▶ [Your assignment]
Only one span of the listing below should come back. It runs from the line with "2950 N Lincoln Street, Burbank CA 91504" through the line with "1807 SW Cemetery Road", and each of its lines must be reproduced exactly.

▶ [Source information]
──────

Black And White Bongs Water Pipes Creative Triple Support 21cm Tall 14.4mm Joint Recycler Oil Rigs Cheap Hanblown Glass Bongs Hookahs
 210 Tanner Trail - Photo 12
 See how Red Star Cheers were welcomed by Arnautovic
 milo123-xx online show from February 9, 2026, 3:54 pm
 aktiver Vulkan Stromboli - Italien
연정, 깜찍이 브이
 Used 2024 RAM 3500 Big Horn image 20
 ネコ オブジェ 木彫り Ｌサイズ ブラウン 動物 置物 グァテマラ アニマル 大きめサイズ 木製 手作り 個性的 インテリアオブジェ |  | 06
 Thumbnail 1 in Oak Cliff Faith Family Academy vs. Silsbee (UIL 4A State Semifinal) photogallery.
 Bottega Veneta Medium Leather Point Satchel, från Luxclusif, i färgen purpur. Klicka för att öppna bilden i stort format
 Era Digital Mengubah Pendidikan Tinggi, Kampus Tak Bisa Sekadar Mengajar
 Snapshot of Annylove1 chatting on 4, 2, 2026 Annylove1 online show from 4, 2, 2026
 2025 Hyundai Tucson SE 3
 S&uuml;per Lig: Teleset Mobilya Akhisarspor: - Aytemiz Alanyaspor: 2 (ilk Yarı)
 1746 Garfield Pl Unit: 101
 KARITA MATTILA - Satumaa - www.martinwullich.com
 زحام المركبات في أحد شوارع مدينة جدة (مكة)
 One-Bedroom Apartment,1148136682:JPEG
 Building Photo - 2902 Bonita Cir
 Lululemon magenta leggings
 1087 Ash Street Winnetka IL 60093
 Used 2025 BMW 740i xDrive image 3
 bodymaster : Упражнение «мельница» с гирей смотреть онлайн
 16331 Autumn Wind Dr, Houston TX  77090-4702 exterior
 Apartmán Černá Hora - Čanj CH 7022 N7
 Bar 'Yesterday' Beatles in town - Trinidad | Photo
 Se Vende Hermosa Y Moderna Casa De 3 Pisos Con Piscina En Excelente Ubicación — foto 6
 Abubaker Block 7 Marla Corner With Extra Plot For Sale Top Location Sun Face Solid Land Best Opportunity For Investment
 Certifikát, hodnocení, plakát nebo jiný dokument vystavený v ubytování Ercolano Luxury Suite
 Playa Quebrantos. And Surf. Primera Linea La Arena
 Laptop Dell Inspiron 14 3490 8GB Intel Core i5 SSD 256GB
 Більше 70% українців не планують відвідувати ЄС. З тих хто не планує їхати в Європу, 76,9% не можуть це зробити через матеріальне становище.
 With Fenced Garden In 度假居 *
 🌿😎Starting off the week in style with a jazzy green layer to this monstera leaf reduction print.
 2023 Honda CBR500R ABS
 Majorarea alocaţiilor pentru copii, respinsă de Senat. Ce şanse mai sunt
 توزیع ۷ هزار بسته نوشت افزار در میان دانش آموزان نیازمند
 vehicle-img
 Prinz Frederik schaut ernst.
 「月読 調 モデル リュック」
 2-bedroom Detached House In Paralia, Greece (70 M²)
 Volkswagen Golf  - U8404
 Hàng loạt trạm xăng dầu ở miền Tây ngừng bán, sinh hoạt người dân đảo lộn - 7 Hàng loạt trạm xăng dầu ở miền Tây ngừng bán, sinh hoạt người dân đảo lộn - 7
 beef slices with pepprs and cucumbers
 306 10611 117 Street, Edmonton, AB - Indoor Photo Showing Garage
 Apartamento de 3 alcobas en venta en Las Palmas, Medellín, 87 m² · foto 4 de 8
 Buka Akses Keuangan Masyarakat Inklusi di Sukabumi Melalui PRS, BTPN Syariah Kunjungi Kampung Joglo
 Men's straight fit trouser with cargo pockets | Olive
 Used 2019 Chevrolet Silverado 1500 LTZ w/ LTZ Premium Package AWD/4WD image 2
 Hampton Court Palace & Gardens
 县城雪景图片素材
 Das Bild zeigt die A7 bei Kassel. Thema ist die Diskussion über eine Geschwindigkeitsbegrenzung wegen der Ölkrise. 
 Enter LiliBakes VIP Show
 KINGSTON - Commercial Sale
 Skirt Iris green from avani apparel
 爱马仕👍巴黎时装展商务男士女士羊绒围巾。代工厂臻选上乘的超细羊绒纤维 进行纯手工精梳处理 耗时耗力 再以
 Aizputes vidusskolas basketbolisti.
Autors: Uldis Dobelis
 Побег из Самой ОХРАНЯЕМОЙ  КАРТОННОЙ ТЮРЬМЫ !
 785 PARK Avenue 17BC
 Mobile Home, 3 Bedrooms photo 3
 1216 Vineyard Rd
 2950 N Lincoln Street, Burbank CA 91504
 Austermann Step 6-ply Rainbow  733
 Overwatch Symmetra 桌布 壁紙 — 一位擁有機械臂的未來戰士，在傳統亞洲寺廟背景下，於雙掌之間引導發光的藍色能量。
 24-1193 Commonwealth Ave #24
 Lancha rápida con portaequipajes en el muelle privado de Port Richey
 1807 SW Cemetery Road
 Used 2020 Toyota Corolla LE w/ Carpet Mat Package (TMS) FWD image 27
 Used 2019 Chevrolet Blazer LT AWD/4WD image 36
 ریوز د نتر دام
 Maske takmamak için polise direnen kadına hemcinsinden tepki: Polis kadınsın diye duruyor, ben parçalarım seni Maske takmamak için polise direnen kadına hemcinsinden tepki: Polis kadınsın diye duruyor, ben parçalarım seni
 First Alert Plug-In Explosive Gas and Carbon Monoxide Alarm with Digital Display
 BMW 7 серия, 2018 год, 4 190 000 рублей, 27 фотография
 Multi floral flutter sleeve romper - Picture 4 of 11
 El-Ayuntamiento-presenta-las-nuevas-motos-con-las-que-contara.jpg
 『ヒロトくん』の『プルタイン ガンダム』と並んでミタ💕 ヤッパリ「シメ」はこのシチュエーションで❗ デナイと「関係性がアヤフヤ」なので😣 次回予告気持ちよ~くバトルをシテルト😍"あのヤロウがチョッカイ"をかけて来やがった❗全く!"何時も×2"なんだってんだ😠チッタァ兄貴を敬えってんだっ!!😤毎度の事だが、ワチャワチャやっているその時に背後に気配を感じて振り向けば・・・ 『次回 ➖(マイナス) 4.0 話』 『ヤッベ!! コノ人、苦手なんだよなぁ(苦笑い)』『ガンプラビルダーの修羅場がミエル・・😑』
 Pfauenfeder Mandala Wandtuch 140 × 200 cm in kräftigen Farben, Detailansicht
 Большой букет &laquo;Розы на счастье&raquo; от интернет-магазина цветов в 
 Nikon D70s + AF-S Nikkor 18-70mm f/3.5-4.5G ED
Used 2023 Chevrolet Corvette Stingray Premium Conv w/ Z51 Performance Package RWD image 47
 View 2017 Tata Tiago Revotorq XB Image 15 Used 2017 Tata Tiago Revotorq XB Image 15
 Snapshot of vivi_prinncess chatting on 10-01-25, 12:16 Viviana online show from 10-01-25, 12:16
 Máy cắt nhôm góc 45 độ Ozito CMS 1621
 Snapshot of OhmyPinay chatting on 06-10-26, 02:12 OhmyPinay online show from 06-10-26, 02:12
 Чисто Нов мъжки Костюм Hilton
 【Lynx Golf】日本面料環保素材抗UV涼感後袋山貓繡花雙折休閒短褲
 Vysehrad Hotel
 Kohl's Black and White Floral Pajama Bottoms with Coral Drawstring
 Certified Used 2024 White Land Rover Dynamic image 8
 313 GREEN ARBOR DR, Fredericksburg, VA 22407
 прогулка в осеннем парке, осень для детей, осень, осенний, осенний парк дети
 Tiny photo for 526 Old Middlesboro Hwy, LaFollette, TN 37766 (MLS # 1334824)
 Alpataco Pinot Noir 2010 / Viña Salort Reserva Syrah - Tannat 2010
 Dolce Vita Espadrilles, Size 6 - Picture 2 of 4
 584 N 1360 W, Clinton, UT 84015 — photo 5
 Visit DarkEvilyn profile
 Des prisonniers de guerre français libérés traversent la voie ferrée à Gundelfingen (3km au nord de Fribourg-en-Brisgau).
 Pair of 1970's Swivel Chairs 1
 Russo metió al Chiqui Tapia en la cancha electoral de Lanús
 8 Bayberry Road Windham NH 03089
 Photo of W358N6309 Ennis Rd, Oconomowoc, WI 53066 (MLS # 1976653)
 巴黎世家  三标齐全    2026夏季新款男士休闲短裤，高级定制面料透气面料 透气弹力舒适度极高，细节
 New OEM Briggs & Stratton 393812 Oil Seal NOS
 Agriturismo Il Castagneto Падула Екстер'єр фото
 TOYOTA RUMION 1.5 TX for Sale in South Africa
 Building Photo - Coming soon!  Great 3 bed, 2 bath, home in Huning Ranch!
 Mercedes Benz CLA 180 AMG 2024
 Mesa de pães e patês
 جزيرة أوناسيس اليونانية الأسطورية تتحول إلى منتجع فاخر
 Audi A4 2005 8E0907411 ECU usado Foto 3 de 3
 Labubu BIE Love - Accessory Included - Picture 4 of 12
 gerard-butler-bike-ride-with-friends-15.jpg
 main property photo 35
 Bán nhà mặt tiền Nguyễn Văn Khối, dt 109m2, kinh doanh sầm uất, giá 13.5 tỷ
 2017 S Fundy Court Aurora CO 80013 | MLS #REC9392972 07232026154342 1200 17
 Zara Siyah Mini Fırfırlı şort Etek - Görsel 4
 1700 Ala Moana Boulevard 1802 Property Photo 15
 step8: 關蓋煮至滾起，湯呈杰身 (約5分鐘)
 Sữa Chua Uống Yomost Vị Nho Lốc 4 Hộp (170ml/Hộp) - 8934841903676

──────

▶ [Written solution]
 2950 N Lincoln Street, Burbank CA 91504
 Austermann Step 6-ply Rainbow  733
 Overwatch Symmetra 桌布 壁紙 — 一位擁有機械臂的未來戰士，在傳統亞洲寺廟背景下，於雙掌之間引導發光的藍色能量。
 24-1193 Commonwealth Ave #24
 Lancha rápida con portaequipajes en el muelle privado de Port Richey
 1807 SW Cemetery Road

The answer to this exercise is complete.